Estimating the Cardinality of RDF Graph Patterns
^{1}Angela Maduko, ^{1}Kemafor Anyanwu, ^{2}Amit Sheth^{
3}Paul
Schliekelman
^{1}Department of Computer Science
^{3}Department of Statistics
{maduko, anyanwu}@cs.uga.edu,
pdschlie@stat.uga.edu
^{2}Kno.e.sis Center
Department of Computer
Science and
amit.sheth@wright.edu
ABSTRACT
Most RDF query languages allow for graph structure
search through a conjunction of triples which is typically processed using join
operations. A key factor in optimizing joins is determining the join order
which depends on the expected cardinality of intermediate results. This work
proposes a patternbased summarization framework for estimating the cardinality
of RDF graph patterns. We present experiments on real world and synthetic
datasets which confirm the feasibility of our approach.
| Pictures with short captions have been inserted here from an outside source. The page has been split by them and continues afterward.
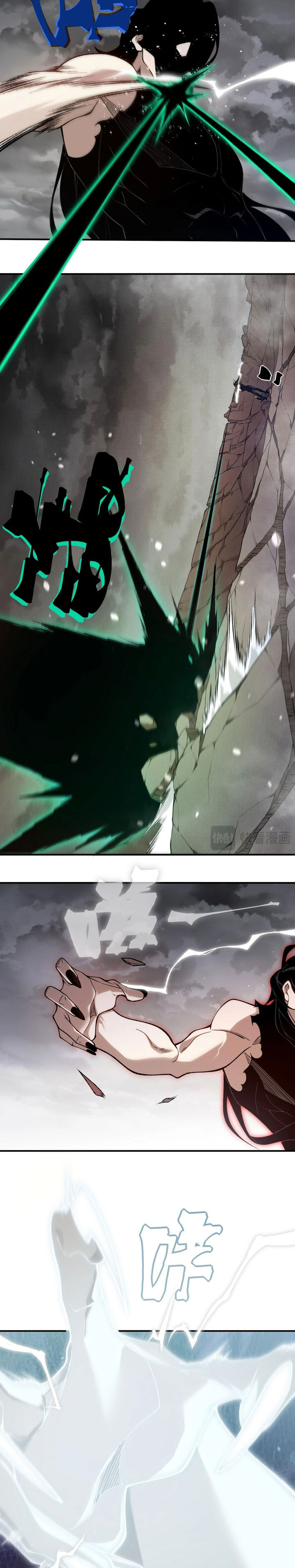 Demon Evolution chapter 143 halaman 13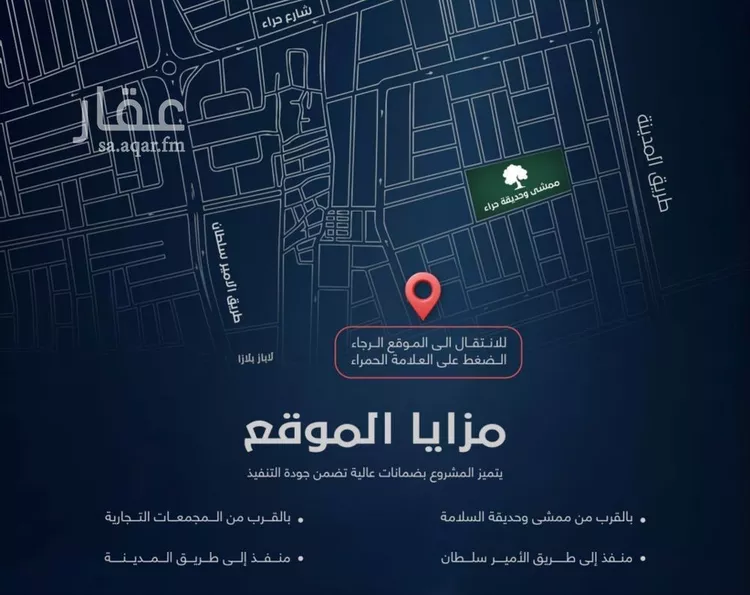 شقة للبيع في حي السلامة, مدينة جدة, منطقة مكة المكرمة صورة 5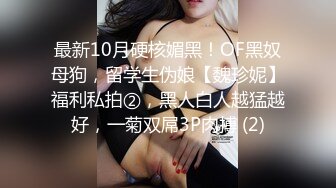 【新速片遞】  ⚫️⚫️最新流出NTR骚妻极品崇黑讨黑BBC女神【爱已婚少妇】私拍，被黑驴屌花式爆肏3P生猛国屌已经满足不了了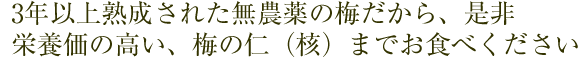 農薬を一度も使用していない自家農園で採れた青梅を心を込めて手作りでつけた梅干です。マクロビオティック食の方も安心してお召し上がりください。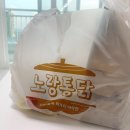 노랑통닭여주
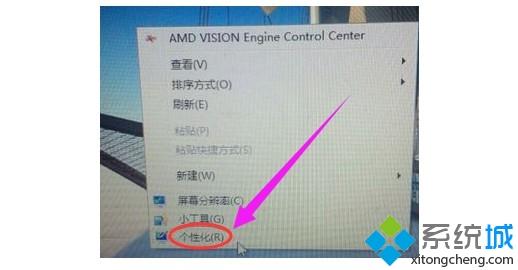 电脑桌面图标如何更改 超详细电脑更改桌面图标的步骤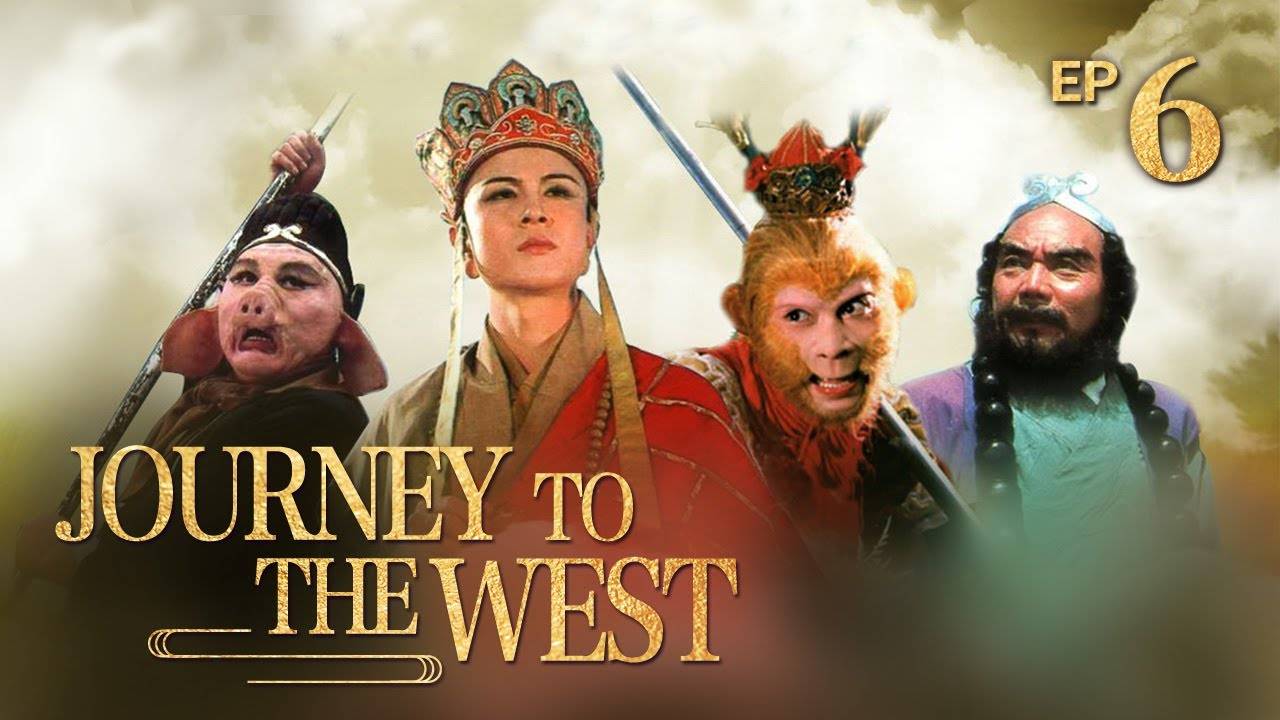 Tây Du Ký 1986 (Bản đẹp phim 4K) Tây Du Ký 1986 (Bản đẹp phim 4K)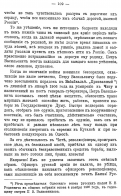 5.jpg, 235047 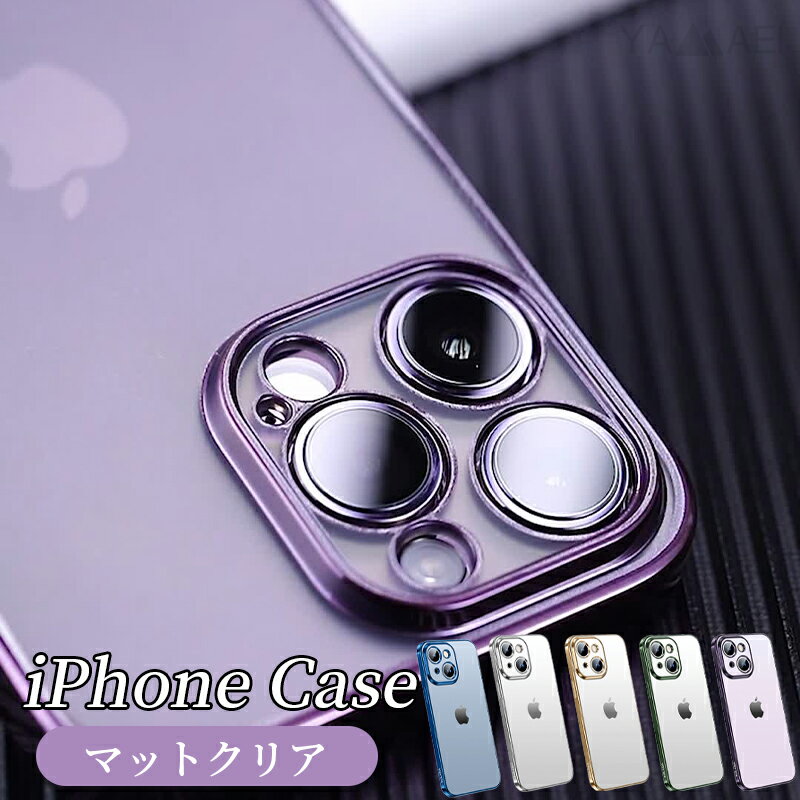 【マットクリア】iPhone14カバー iPhone14 Plusケース マット質感 メッキ加工 iPhone14proカバー iPhone14pro max iPhone14pro iPhone14 シリーズ対応 手触りいい マット仕上げる マット透明 かわいい 耐衝撃設計 衝撃吸収 レンズ保護 TPU素材のサムネイル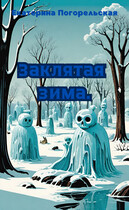 Заклятая зима / Екатерина Погорельская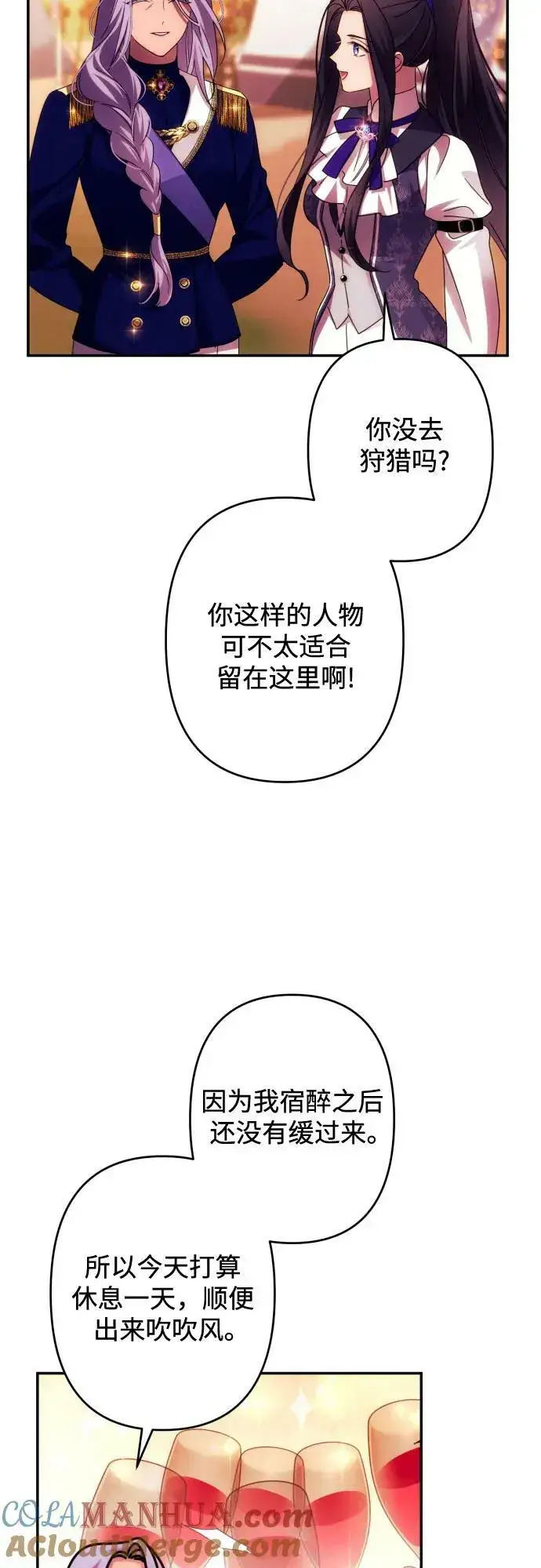 《诱惑北部公爵》第55话图40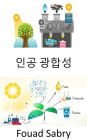 Artificial Photosynthesis: Capturing and storing the energy from sunlight to produce solar fuel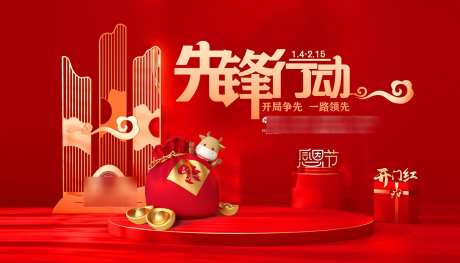 年终盛典主画面_源文件下载_PSD格式_1701X972像素-热血,主画面,年终-作品编号:2025062211357106-志设-zs9.com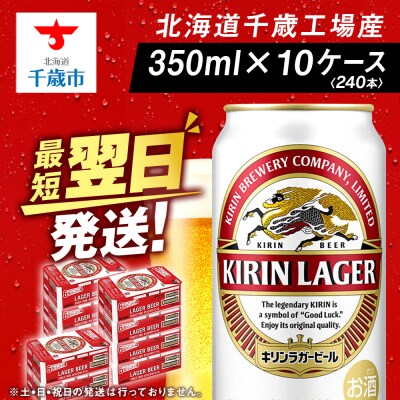 キリンラガー＜北海道千歳工場産＞350ml(24本)10ケース　合計240本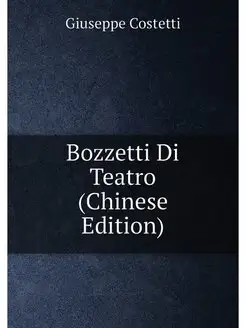 Bozzetti Di Teatro (Chinese Edition)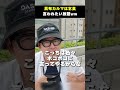 「呂布カルマ聞いとけ」まさかの○○扱いww #shorts #石川典行 #hiphop #mcバトル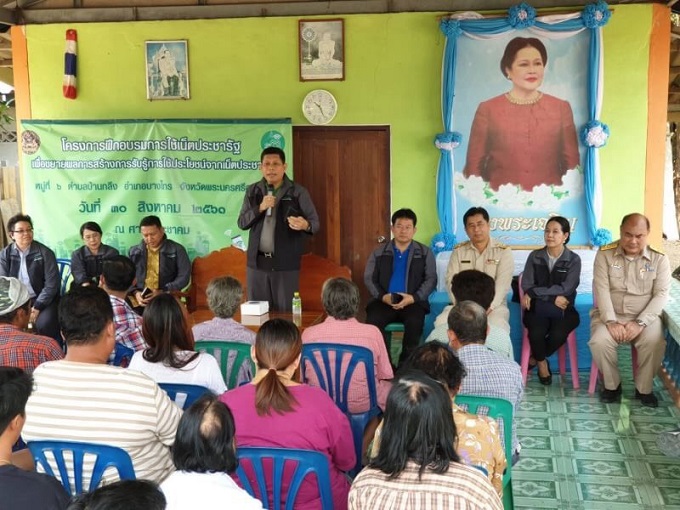 อัลบั้มภาพ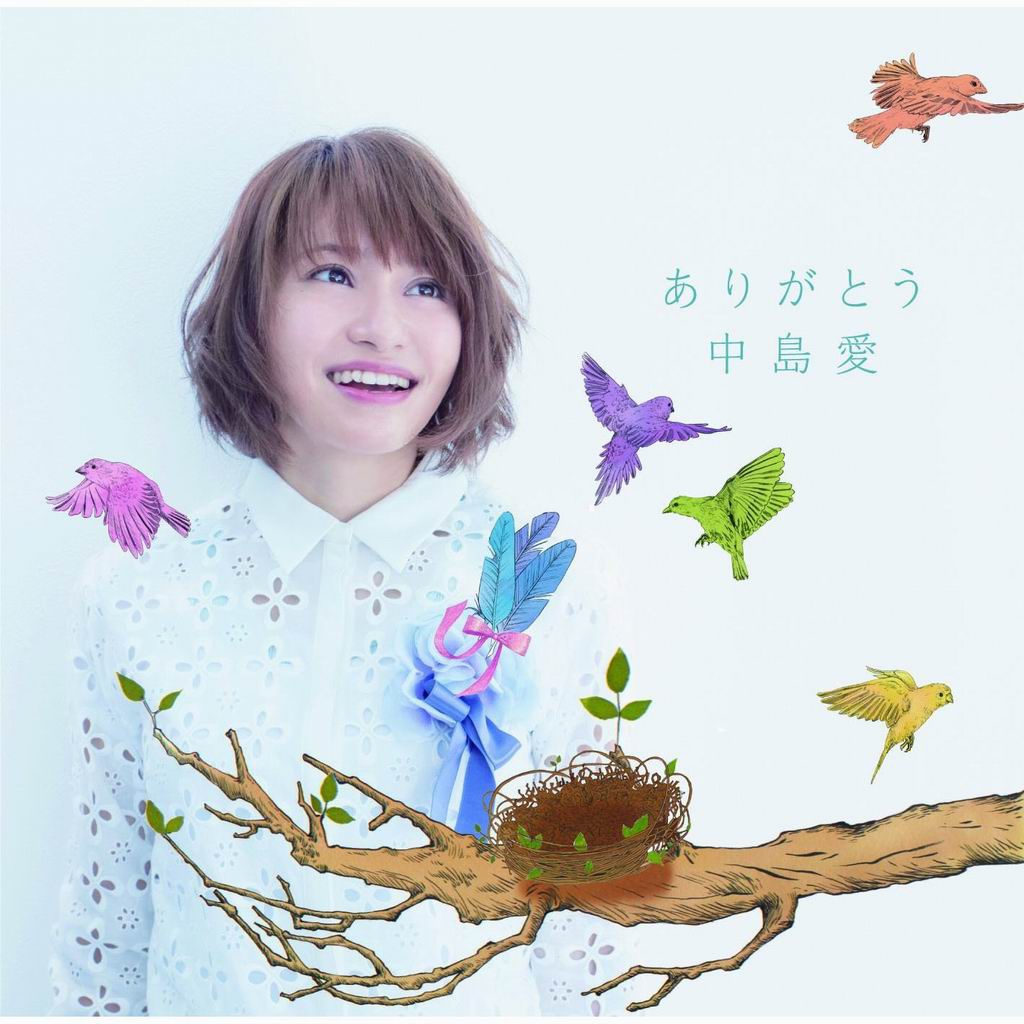 中島愛-幸福光暈2-ED-通常盤 中島愛-幸福光暈2-ED-通常盤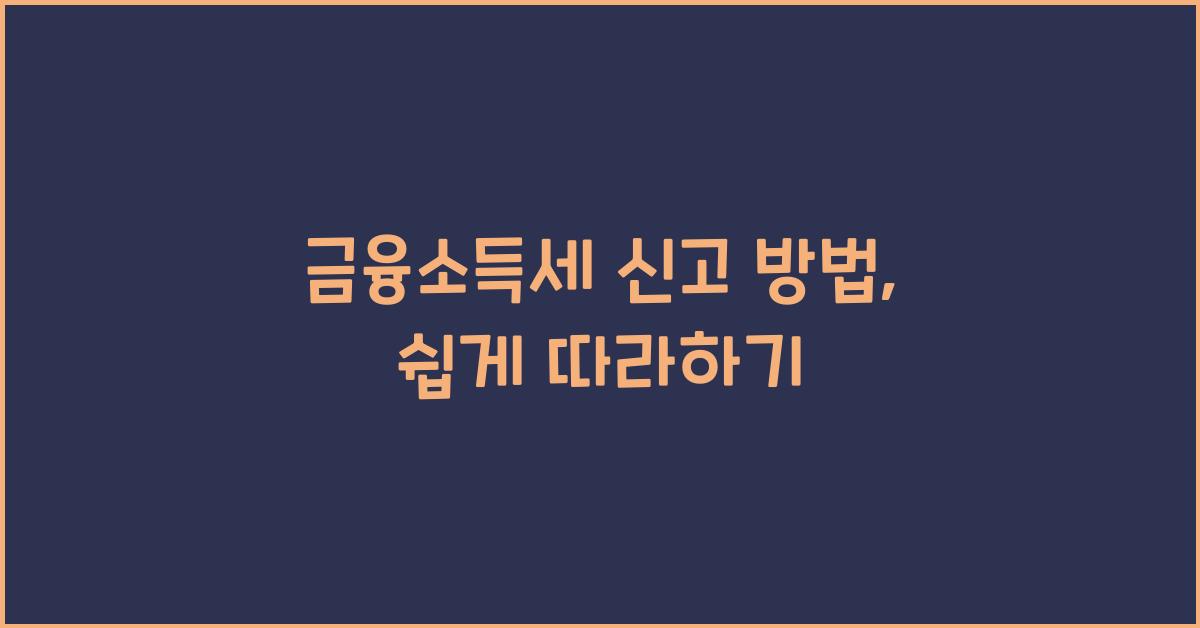 금융소득세 신고 방법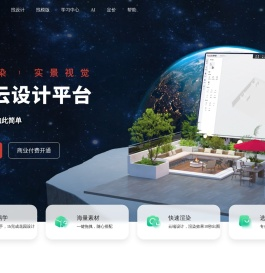 图布斯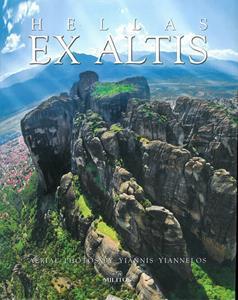 HELLAS EX ALTIS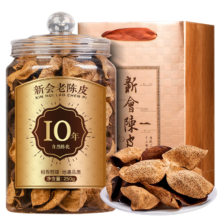 首宴 十年陈皮正宗新会源产 250g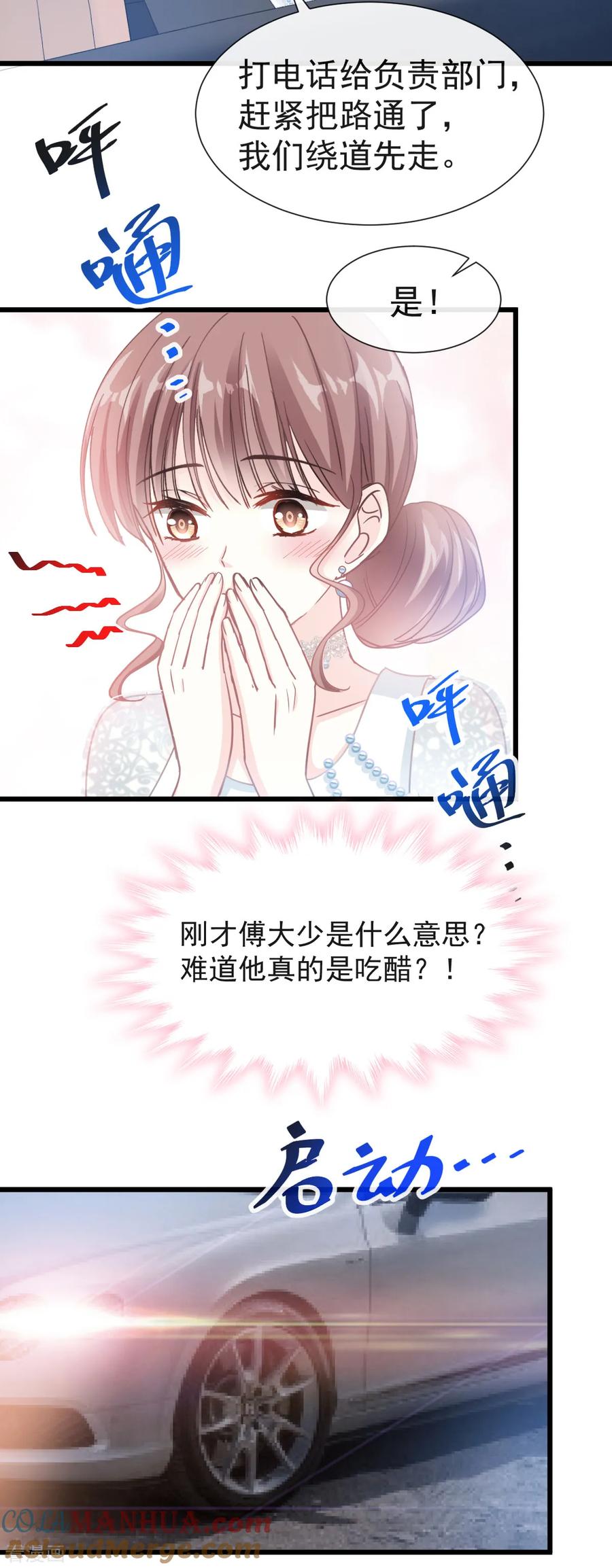 第38话把媳妇拐回家-霸道总裁轻点爱-热萌文化（第5张）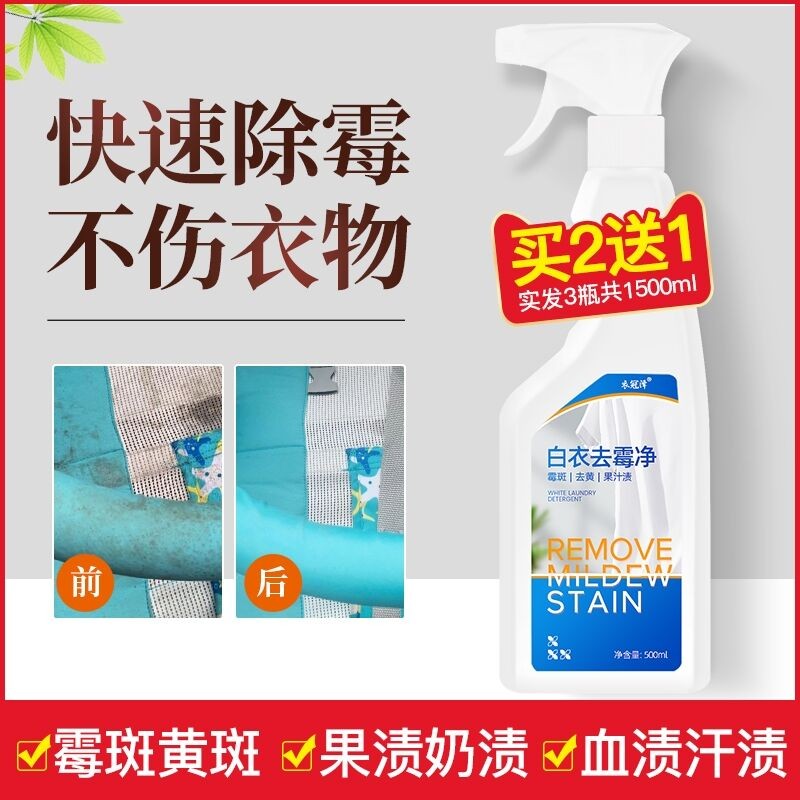 去霉点霉斑清洁剂衣服除霉剂霉菌去污渍神器鞋白色衣物发霉清除剂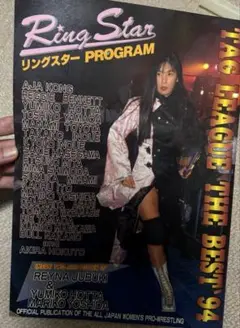 【女子プロレス】リングスターPROGRAM（広告、チケット半券付き）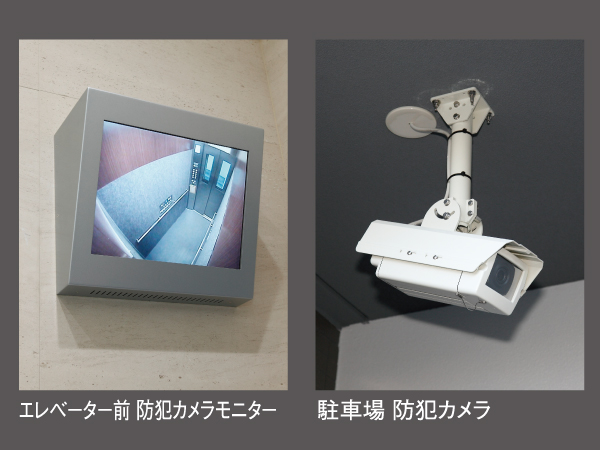 Security.  [surveillance camera] Security cameras, Installed at the entrance hall and parking. The image of a camera in the elevator, It can be found in the monitor of the first floor elevator hall, Suppress the suspicious person of intrusion. (Same specifications)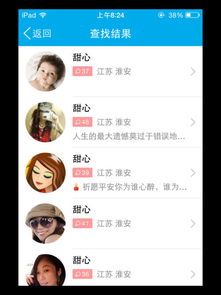 1.1 生肖鼠：机敏与智慧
Categories and Subject Descriptors
H.2.4 [Systems]: Query processing
General Terms
Management, Performance.
Keywords
RDF Query Processing, RDF Semantic Summary, RDF Structural Summary, Statistical Summary, Pattern Cardinality Estimation.
1. INTRODUCTION
Most RDF query languages allow for graph structure search through a conjunction of triples [3], often processed using join operations. A key step in join query optimization is determining the join order, which depends on the expected size of intermediate results. For example, to detect a basic potential conflict of interest in the paper review process of a conference, one may search for PC members who are authors of submitted papers. Figure 1a and b show the SPARQL expression for this query (namespaces are omitted) and its graph structure (pattern). The query requires three join operations. One order first finds all reviewers who are authors of submitted papers, then the result is joined to the set of papers submitted to WWW. Figure 1d, e and f show the possible ways processing may begin. The optimal join order requires good estimates of the cardinality of these patterns from a summary of the frequency distribution of patterns. Also, a summary that is seamless across RDF systems is desirable. This work is a first step towards addressing this problem. We focus on structure queries with no variables on the edges (as in Figure 1a) which are useful in real applications. This work addresses the problem stated as: Given a space budget B and RDF schema graph G_{S} and instance graph G_{I}, summarize the frequency distribution of patterns in G_{I} to fit B for obtaining good estimates of the frequencies of patterns. We propose and evaluate three techniques which differ in terms of the value/size tradeoff made during summarization.
2. APPROACH
In our graph model for RDF, nodes denote subjects or objects of schema (instance) triples while edges denote the predicates relating the respective subject and object nodes.
Figure
1: A graph pattern query and its subgraph
patterns.
2.1 Pattern Sequencialization
To summarize the frequency distribution of
patterns, we desire a generic representation for all embeddings of a query
pattern. To do this, we summarize the Schema graph to contain all patterns that
exist and may exist in the RDF instance graph. This summary which we call the RDF Semantic and Structural Summary (G_{SSS})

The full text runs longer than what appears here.